§ **Available data**
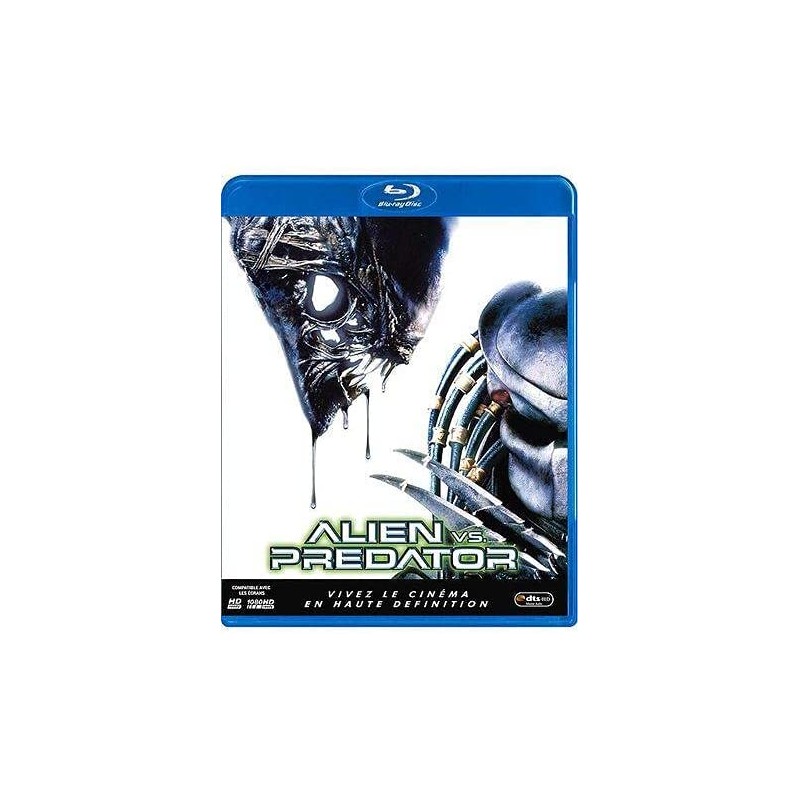 Blu Ray aliens vs predator (version extreme)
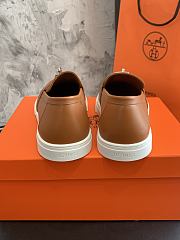 Bagsaaa Hermes Game slip-on sneaker brown - 2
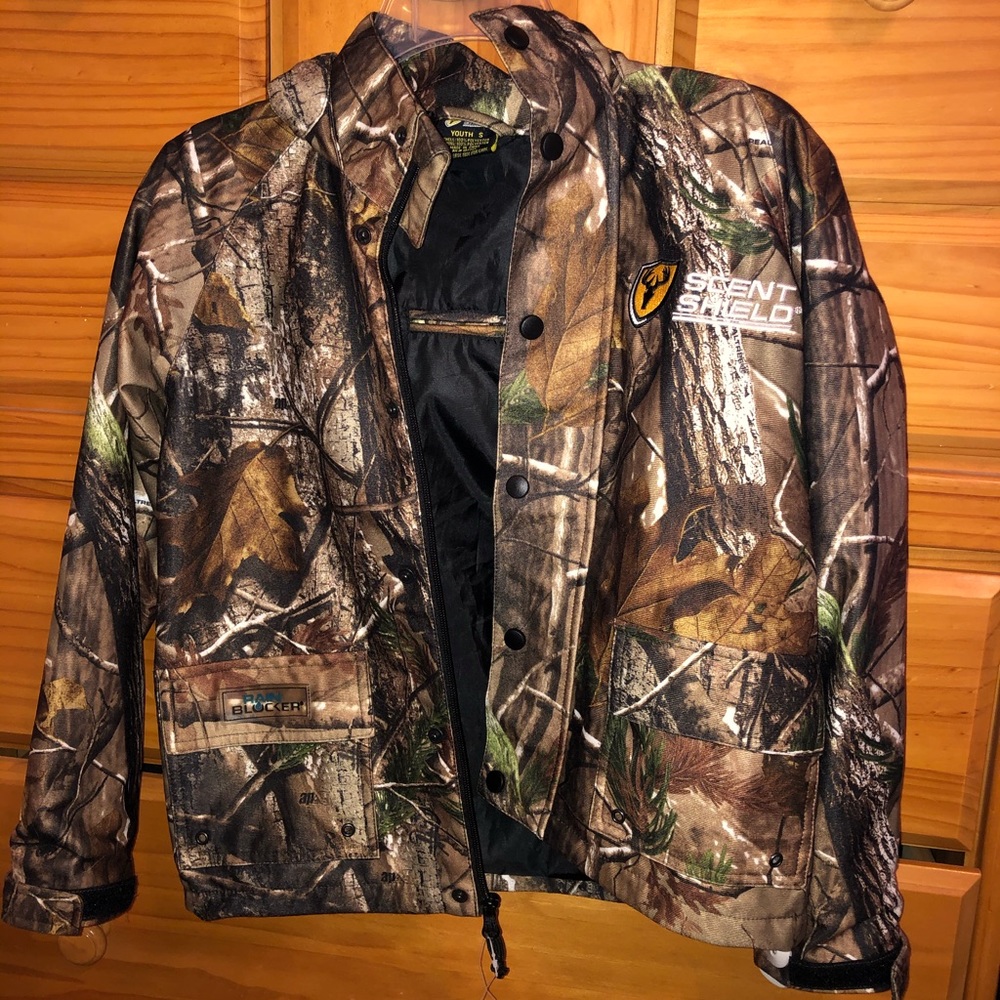 Camouflage Waterproof Jacket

§ **Required work**
Word for word, restate only the lines from the one bearing "Bagsaaa Hermes Game" through the final line of the listing, inclusive, with no pictures.

§ **Written reply**
 Bagsaaa Hermes Game slip-on sneaker brown - 2
 Camouflage Waterproof Jacket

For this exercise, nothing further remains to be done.